Nearly half of all landlords with a mortgage face a decision over whether to renew their loans in the next 12 months, new research reveals.
Some 40% of residential landlords with a mortgage, whether fixed, tracker, or discount, are due to renew their mortgage rate in seven months to a year, according to research from The Mortgage Lender (TML).
A further 41% of landlords are due to renew their mortgage in the following two or three years.
£615 increase
According to the research, many landlords with a mortgage are currently on a five-year fixed rate (42%), while 21% are on two-year deals.
The figures also show 15% are on Standard Variable Rate (SVR) mortgages, and 8% are on a tracker mortgage.

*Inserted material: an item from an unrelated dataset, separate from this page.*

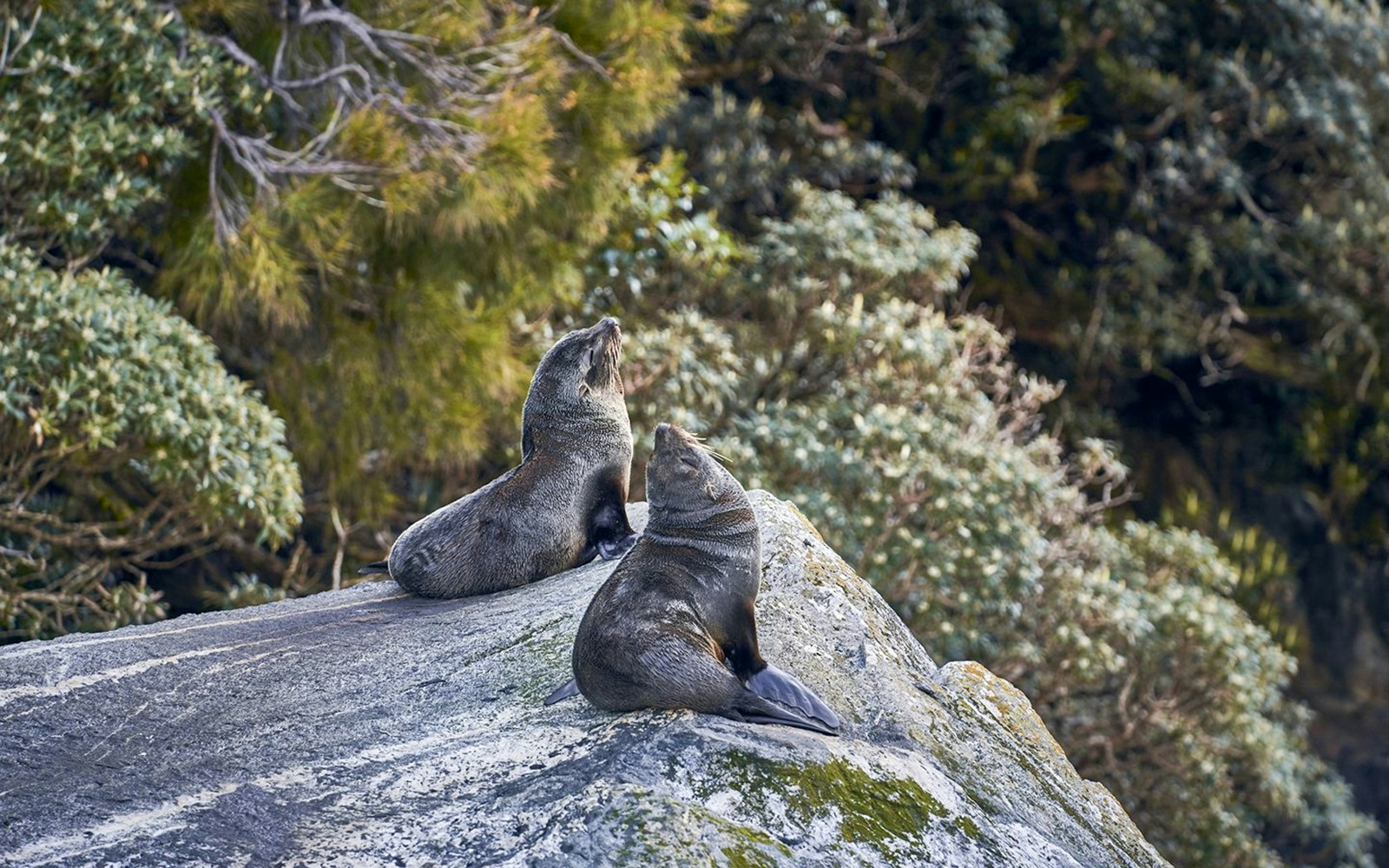 Milford Sound Wildlife Sanctuary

Those landlords needing to renew their mortgage rate believe their monthly payments will increase by £615 on average.
Increase rent
To deal with higher monthly costs, 30% of landlords have said they plan to increase the rent of the property, 23% have already budgeted for an increase, while 14% said they would sell the property.
A further 14% said they plan to convert the property into an HMO to secure better returns, and 13% are considering converting to a holiday let.
The Bank of England has been grappling with high inflation for well over a year now.”
TML’s Chris Kirby said: “The Bank of England has been grappling with high inflation for well over a year now, introducing successive rate rises to drive it down to more manageable levels.
“Although they have had some success in achieving this, there is still a way to go.”
Meanwhile, statistics released by the Bank of England show mortgage arrears increased by 9.2% from the previous quarter, to £20.3 billion, and were 50% higher than a year ago.